In its quarterly progress report to Joseph Smith, the independent monitor assigned to oversee the $25 billion settlement, Chase said it refinanced more than 12,000 underwater borrowers who are current on their loans but owe more than the value of their homes, completing its $500 million refinancing commitment. Chase also agreed to provide $1.95 billion to consumers in California and $1 billion in Florida, which fulfills separate but related settlement agreements signed with attorneys general in those states.
The national mortgage settlement stems from allegations that the nation's five-largest mortgage servicers abused delinquent borrowers by rushing through foreclosure documents. Under the deal signed with 49 state attorneys general, Chase, Bank of America (BAC). Citigroup (NYSE:C), Wells Fargo (WFC) and Ally Financial have three years to provide $25 billion of relief to borrowers in the form of principal reductions, short sales, second-lien forgiveness and refinancings.
The banks are supposed to provide a combined $17 billion in "soft money" payments toward principal forgiveness of first and second liens, short sales and $3 billion in refinancings. The remaining $5 billion of the settlement came in the form of cash payments to the states.
Mortgage servicers have two years to meet 75% of their goals that give them credits toward the settlement, and all are moving quickly to complete the process to avoid facing steep fines. They have another year to meet the remaining 25% of their obligations.
Frank Bisignano, co-chief operating officer and chief executive of Chase Mortgage Banking, said Thursday the bank has offered a total of $7 billion in relief so far to struggling homeowners.
"In just over six months, Chase has helped 75,000 mortgage customers and offered relief to more than 40,000 individuals and families so they can stay in their homes," Bisignano said in a statement.
The bank said it expects to complete its obligations under the settlement well before the deadline.
On Wednesday, Bank of America (BAC) said it expects to meet all its financial obligations by the end of February.

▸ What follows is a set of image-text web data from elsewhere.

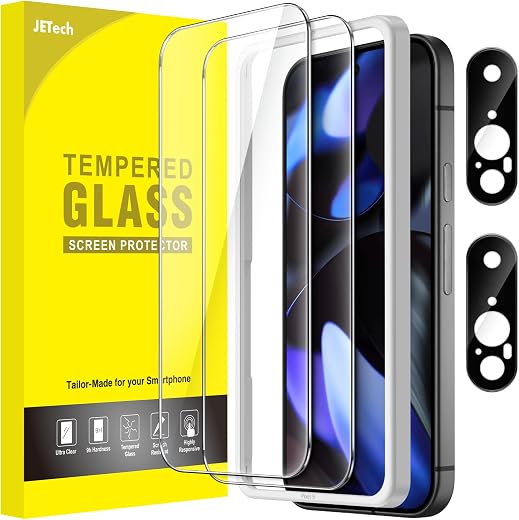 JETech Screen Protector for Google Pixel 9 with Camera Lens Protector, Easy Installation Tool, Fingerprint Compatible, Tem...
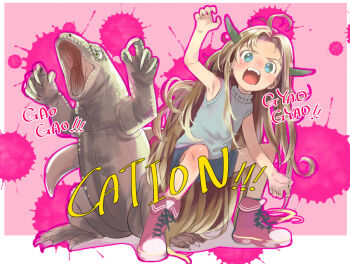 1girl ahoge ankle_boots blonde_hair blue_eyes blue_shorts blue_sweater boots bosako_(haguhagu) claw_pose dated gao haguhagu_(rinjuu_circus) horns komodo_dragon lace-up_boots long_hair looking_at_viewer open_mouth original pink_boots shorts sleeveless sleeveless_sweater solo squatting sweater very_long_hair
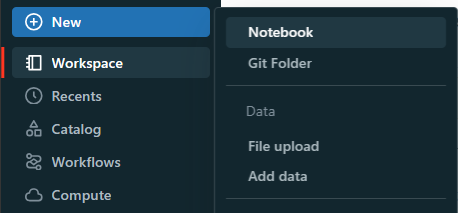 Creating a new notebook - Databricks Materialized Views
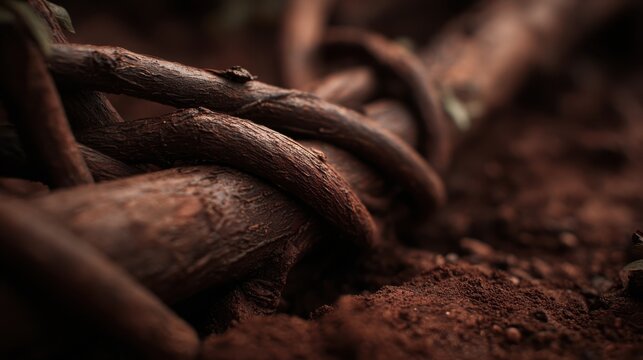 Intricate Interwoven Grass Roots Texture in Rich Soil, Macro Detail Showing Natural Strength and Growth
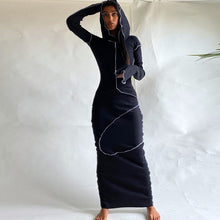 Load image into Gallery viewer, Long Sleeve Hooded Patchwork Skinny Maxi Dress
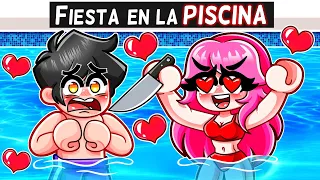 ATRAPADO con la FAN LOCA en una FIESTA de la PISCINA en Roblox SNAPCHAT!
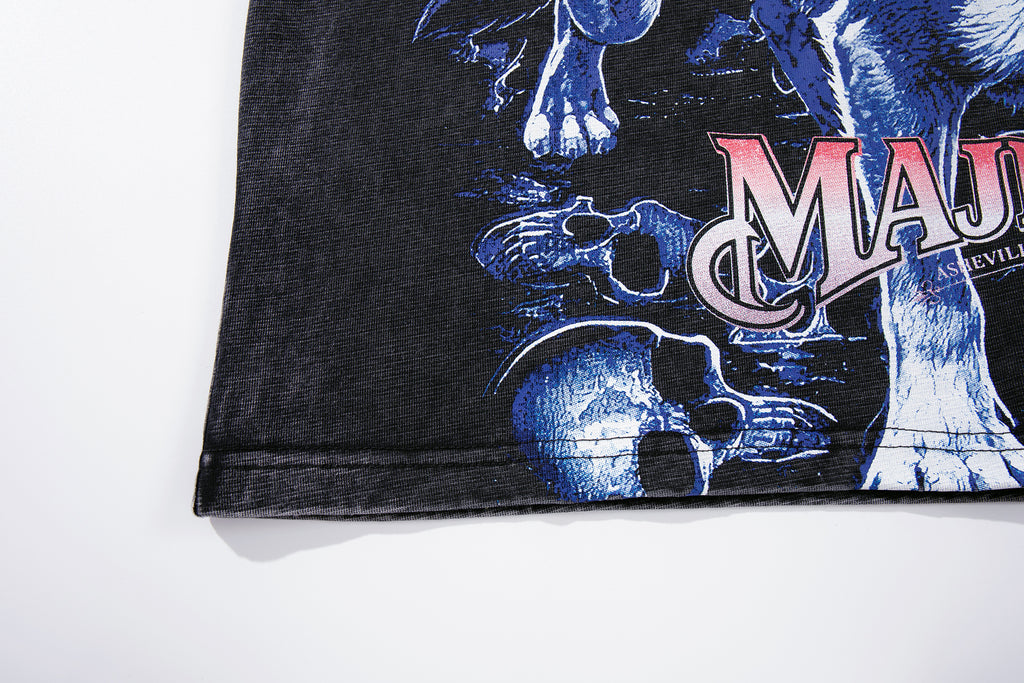 MAJESTIK Grim Reaper Scythe Vintage Washed Graphic T‑Shirt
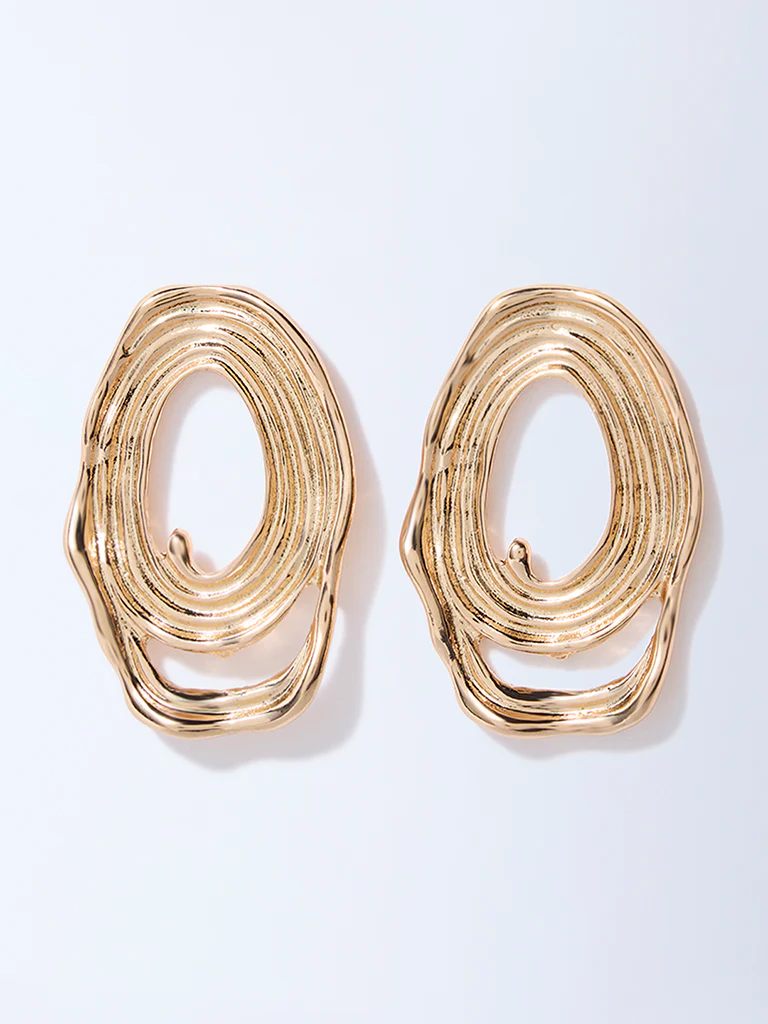 Westside Accessories Gold Statement Stud Earrings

Smith, the settlement's monitor, will detail the progress of all the other servicers in a report Monday.
Chase has approved or completed $3 billion in first-lien modifications for nearly 30,000 defaulted borrowers through Sept. 30, a significant increase from the $367 million in first-lien mods completed in the four-month period that ended in June. Borrowers who received principal reductions got an average writedown of $97,000 on their loans.
Chase also said it has implemented all 320 servicing standards required under the settlement. It did not provide a breakdown of short-sale activities.